Blackpool - What a shit place to die
Blackpool, What a Shit Place To Die at the Three Minute Theatre
Phil Pearson's 60 minute gallop through the experiences of an Oldham lad, named Billy completely resonate, from the minute the piece starts to the moving close.
There are a number of reasons for this. Actor Mark Newsome completely owns the role and he never wavers, conveying a gamut of emotions, as he seeks solace in Blackpool following a huge family row, when he is forced to come out because a local gossip.
Newsome conveys Billy's defiance and strength incredibly well. But, what really grabs you by the scruff of the neck are the moments when this character's life unravels and he breaks down. The effect is heart breaking.
Pearson's writing is perceptive and in light of a recent survey by Stonewall, incredibly timely. People presume when you come out, you find 'your people.' Billy does not and is sick of hearing shallow comments about the way men look, and being graded and judged for it, accordingly. it makes him feel even worse.

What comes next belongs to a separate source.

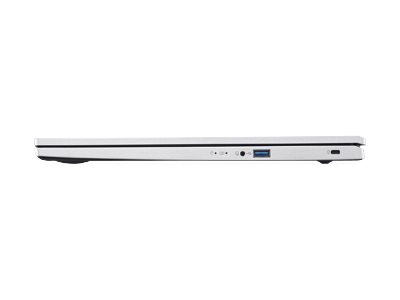 acer Aspire 3 A317-54-71DD Notebook 43,9 cm (17,3 Zoll), 16 GB RAM, 1000 GB SSD, Intel® Core™ i7-1255U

Grace Cordell directs at speed, representing the muddled thoughts in Billy' s head. The character has autism and this is superbly realised and never once reverts to a Rain Man style stereotype. Billy knows he is not perfect and Cordell's direction allows the character to breathe and pause when he has to.
Too often, in plays and films about LGBT characters, the quest for a soul mate dominates. Here, Billy's is seeking acceptance and the fact that he is not represented as a stereotype himself, endears you to him even more.
This gripping play has done well at the Greater Manchester Fringe Festival, and since then has been back to Manchester twice and had since transferred o London. The BBC also covered the play because of the themes it highlights.
It explores mental health, identity through the eyes of a gay man who is rejected by his family. One beautiful scene highlights how your real friends appear and offer you a hand during a crisis. And, thank heavens for that, because Mark Newsome is a force to be reckoned with, on stage and has energy to burn and his bravery in telling this story, partly based on his own experiences will help many people.
A riveting hour, intimate, moving, frank and funny.
Glenn Meads for Canal St Online
Blackpool, What a Shit Place To Live is at The Three Minute Theatre until 9 November.